Each group in the table contains:
| Key | Flags | Nodes | Size | Parent | Slots |
|------|--------|-------|-------|--------|-------|
| 1234 | <none> | 0 | 3 | -1 | 0 |
| 4567 | <none> | 0 | 1 | 0 | 0 |
The Key is a compiler-generated integer that identifies the call site. Flags indicate the node type. Nodes counts how many UI nodes this group produces. Size tracks the total number of child groups. Parent points to the containing group. Slots references stored values like remember results.
When recomposition occurs, the Composer walks the SlotTable, comparing the current execution against stored state. If a group hasn't changed, the Composer can skip it entirely using skipToGroupEnd(). This is how Compose achieves efficient incremental updates, unchanged portions of the tree are simply skipped.
Triggers for composition
Composition runs when the system detects that UI might need to change. The primary triggers are state changes, where reading a mutableStateOf value during composition creates a dependency, and when that state changes, the reading scope is invalidated. Structural changes occur when conditional content appears or disappears, requiring the tree to be modified. Explicit invalidation happens when calling invalidate() on a recompose scope directly.
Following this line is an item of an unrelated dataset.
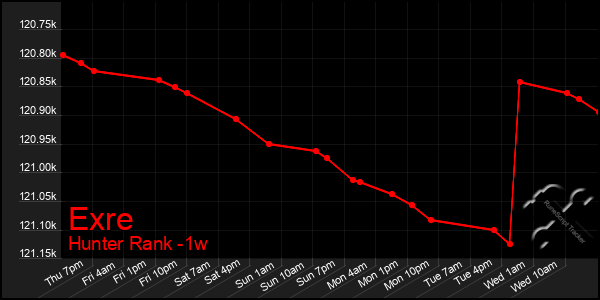 Last 7 Days Graph of Exre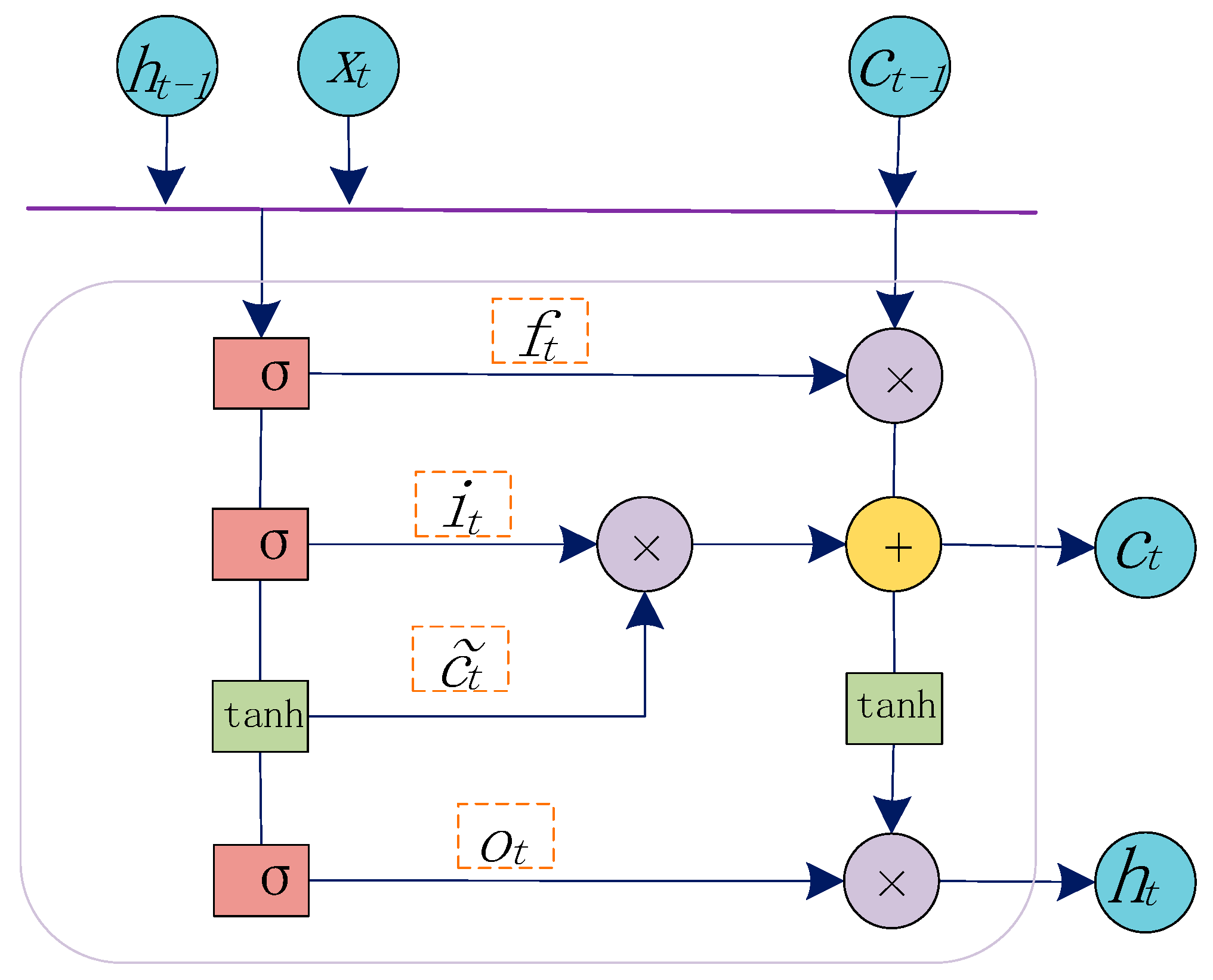 Applsci 13 08858 g002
The Recomposer coordinates these invalidations:
private fun deriveStateLocked(): CancellableContinuation<Unit>? {
val newState = when {
compositionInvalidations.isNotEmpty() ||
snapshotInvalidations.isNotEmpty() -> State.PendingWork
else -> State.Idle
}
}
When invalidations exist, the Recomposer schedules composition work. This batching is important, multiple state changes in a single frame result in a single composition pass, not multiple passes.
Skipping vs restarting
The Composer distinguishes between skipping and restarting. Skipping occurs when a composable's inputs haven't changed and it can be bypassed entirely. The generated code checks $composer.skipping and calls skipToGroupEnd() when safe:
if ($composer.changed(person) || !$composer.skipping) {
// Execute content
} else {
$composer.skipToGroupEnd()
}
Restarting is more nuanced. Functions wrapped with startRestartGroup and endRestartGroup can be individually recomposed when their observed state changes. The endRestartGroup() call returns a scope that captures how to re-invoke the function:
$composer.endRestartGroup()?.updateScope { $composer ->
B(person, $composer, $changed or 1)
}
This restart lambda is what enables selective recomposition, when state changes, only the scopes that read that state need to re-execute, not the entire composition.
Layout phase: Measuring and positioning
Once composition completes, Compose has a tree of LayoutNodes representing the UI structure. The Layout phase determines where each node should appear on screen by measuring sizes and calculating positions.